L’École des femmes Acte III Scène 3
L’École des femmes écrite par Molière
Arnolphe
Arnolphe.
Je ne puis faire mieux que d’en faire ma femme.
Ainsi que je voudrai, je tournerai cette âme;
Comme un morceau de cire entre mes mains elle est,
Et je lui puis donner la forme qui me plaît.
Il s’en est peu fallu que, durant mon absence,
On ne m’ait attrapé par son trop d’innocence;
Mais il vaut beaucoup mieux, à dire vérité,
Que la femme qu’on a pèche de ce côté.
De ces sortes d’erreurs le remède est facile:
Toute personne simple aux leçons est docile;
Et si du bon chemin on l’a fait écarter,
Deux mots incontinent l’y peuvent rejeter.

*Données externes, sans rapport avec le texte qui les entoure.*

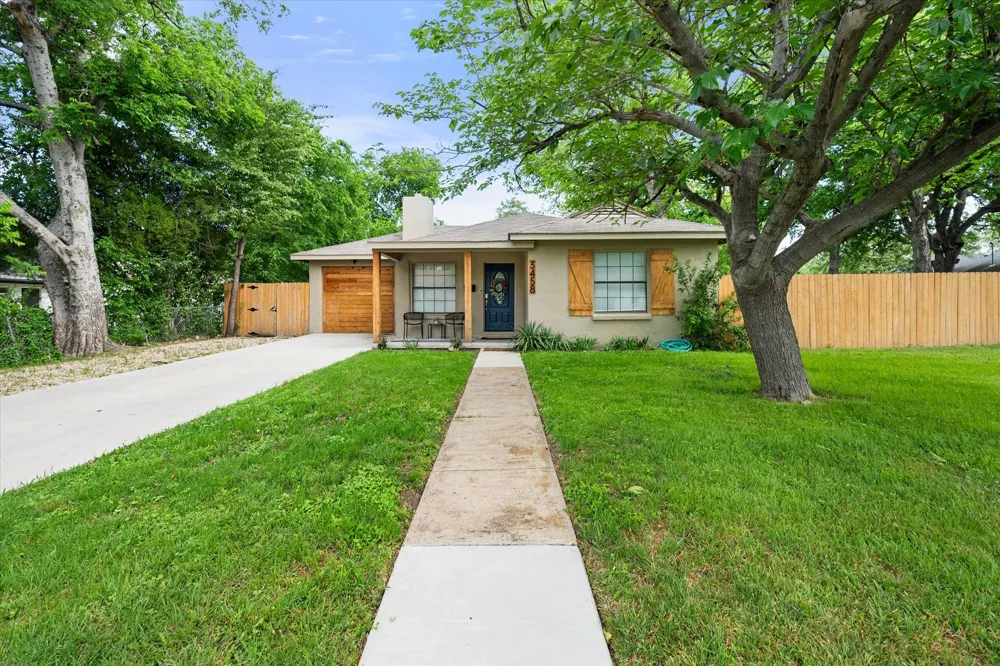 3458 Suffolk Drive Fort Worth, TX 76109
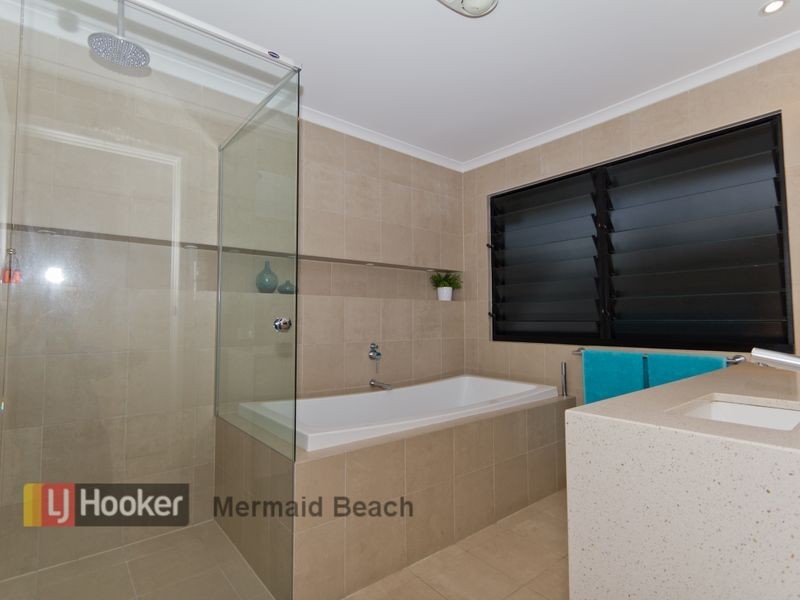 88 Sovereign Drive, Mermaid Waters QLD 4218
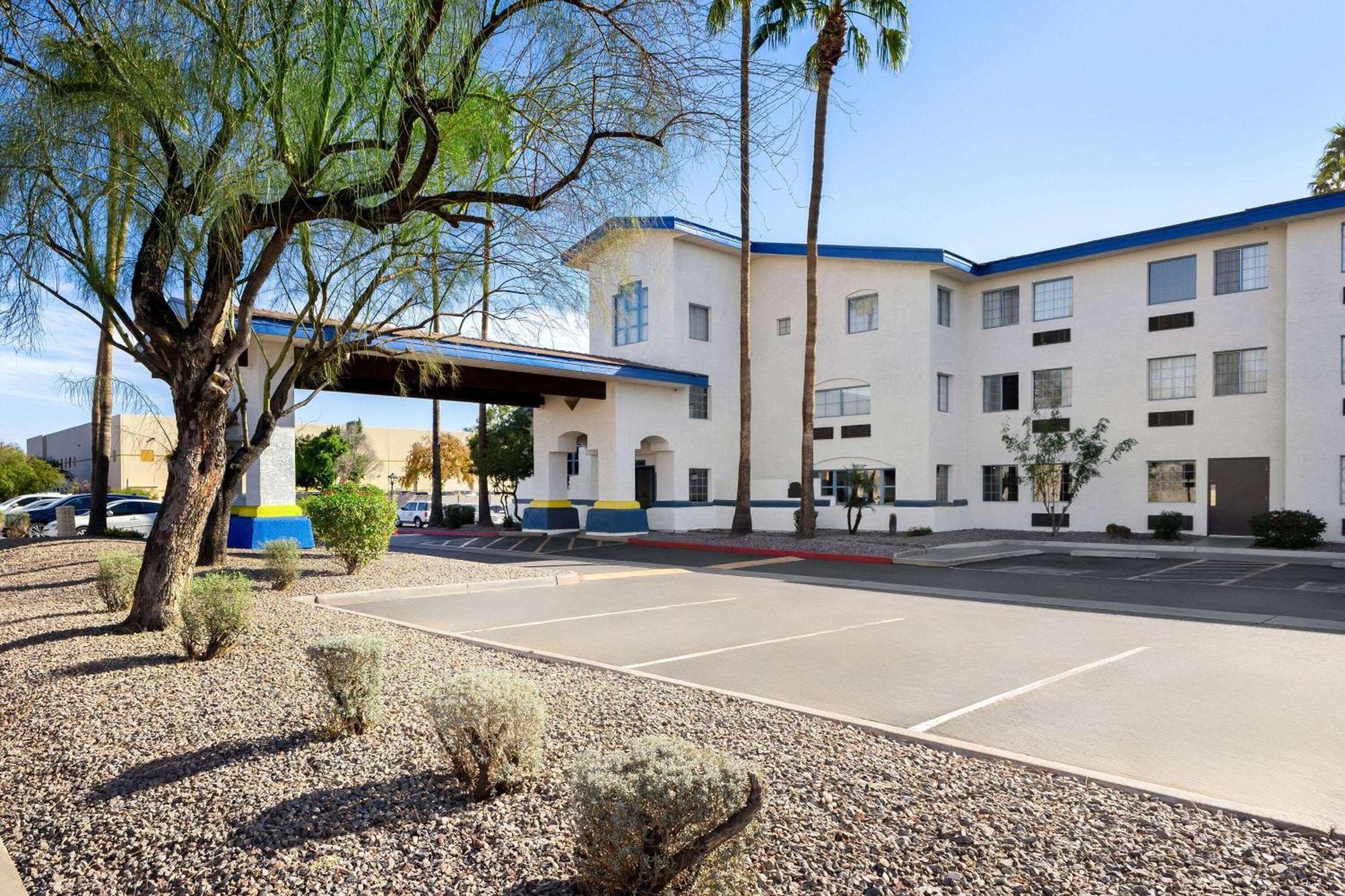 Days Inn & Suites By Wyndham Mesa Near Phoenix Екстер'єр фото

Mais une femme habile est bien une autre bête:
Notre sort ne dépend que de sa seule tête;
De ce qu’elle s’y met rien ne la fait gauchir,
Et nos enseignements ne font là que blanchir:
Son bel esprit lui sert à railler nos maximes,
À se faire souvent des vertus de ses crimes,
Et trouver, pour venir à ses coupables fins,
Des détours à duper l’adresse des plus fins.
Pour se parer du coup en vain on se fatigue:
Une femme d’esprit est un diable en intrigue;
Et dès que son caprice a prononcé tout bas
L’arrêt de notre honneur, il faut passer le pas:
Beaucoup d’honnêtes gens en pourraient bien que dire.
Enfin, mon étourdi n’aura pas lieu d’en rire.
Par son trop de caquet il a ce qu’il lui faut.
Voilà de nos François l’ordinaire défaut:
Dans la possession d’une bonne fortune,
Le secret est toujours ce qui les importune;
Et la vanité sotte a pour eux tant d’appas,
Qu’ils se pendraient plutôt que de ne causer pas.
Oh ! que les femmes sont du diable bien tentées,
Lorsqu’elles vont choisir ces têtes éventées,
Et que… ! Mais le voici… Cachons-nous toujours bien
Et découvrons un peu quel chagrin est le sien.